(Records from a dataset)
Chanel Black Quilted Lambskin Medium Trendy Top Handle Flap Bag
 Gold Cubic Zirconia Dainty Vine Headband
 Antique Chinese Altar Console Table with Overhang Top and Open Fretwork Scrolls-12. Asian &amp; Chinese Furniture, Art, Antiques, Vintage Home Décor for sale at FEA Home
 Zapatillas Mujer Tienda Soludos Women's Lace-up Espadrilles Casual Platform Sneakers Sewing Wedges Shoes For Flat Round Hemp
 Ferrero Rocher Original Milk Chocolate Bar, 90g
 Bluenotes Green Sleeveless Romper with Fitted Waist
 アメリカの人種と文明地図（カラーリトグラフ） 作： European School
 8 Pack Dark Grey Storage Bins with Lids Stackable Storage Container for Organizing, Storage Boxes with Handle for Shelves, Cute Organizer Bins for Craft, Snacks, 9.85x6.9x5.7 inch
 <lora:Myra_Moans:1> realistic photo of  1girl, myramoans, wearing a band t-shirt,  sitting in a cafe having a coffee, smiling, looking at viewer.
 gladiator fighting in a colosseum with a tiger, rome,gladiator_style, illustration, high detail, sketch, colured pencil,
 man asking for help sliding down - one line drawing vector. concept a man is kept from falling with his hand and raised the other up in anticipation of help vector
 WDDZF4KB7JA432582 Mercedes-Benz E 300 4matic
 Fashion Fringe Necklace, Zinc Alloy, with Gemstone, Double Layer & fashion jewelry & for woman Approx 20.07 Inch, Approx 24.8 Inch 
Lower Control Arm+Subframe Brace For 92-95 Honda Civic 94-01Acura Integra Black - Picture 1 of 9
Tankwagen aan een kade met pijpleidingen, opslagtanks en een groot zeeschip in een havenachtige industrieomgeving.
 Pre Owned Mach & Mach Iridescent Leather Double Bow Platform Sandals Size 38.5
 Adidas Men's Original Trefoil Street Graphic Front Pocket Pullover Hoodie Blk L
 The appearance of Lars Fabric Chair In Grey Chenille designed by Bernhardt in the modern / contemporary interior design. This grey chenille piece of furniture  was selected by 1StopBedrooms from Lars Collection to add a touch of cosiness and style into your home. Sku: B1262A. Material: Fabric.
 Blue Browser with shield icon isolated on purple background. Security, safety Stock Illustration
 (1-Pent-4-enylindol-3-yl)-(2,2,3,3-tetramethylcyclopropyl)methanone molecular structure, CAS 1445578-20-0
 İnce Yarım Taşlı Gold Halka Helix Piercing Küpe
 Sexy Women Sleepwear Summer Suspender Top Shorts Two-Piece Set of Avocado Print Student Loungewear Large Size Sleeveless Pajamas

## EXERCISE GOAL
Using only the entries above, output the line with "Bluenotes Green Sleeveless", the line with "Fashion Fringe Necklace, Zinc", and all lines between them, exactly as they stand.

## YOUR RESPONSE
 Bluenotes Green Sleeveless Romper with Fitted Waist
 アメリカの人種と文明地図（カラーリトグラフ） 作： European School
 8 Pack Dark Grey Storage Bins with Lids Stackable Storage Container for Organizing, Storage Boxes with Handle for Shelves, Cute Organizer Bins for Craft, Snacks, 9.85x6.9x5.7 inch
 <lora:Myra_Moans:1> realistic photo of  1girl, myramoans, wearing a band t-shirt,  sitting in a cafe having a coffee, smiling, looking at viewer.
 gladiator fighting in a colosseum with a tiger, rome,gladiator_style, illustration, high detail, sketch, colured pencil,
 man asking for help sliding down - one line drawing vector. concept a man is kept from falling with his hand and raised the other up in anticipation of help vector
 WDDZF4KB7JA432582 Mercedes-Benz E 300 4matic
 Fashion Fringe Necklace, Zinc Alloy, with Gemstone, Double Layer & fashion jewelry & for woman Approx 20.07 Inch, Approx 24.8 Inch 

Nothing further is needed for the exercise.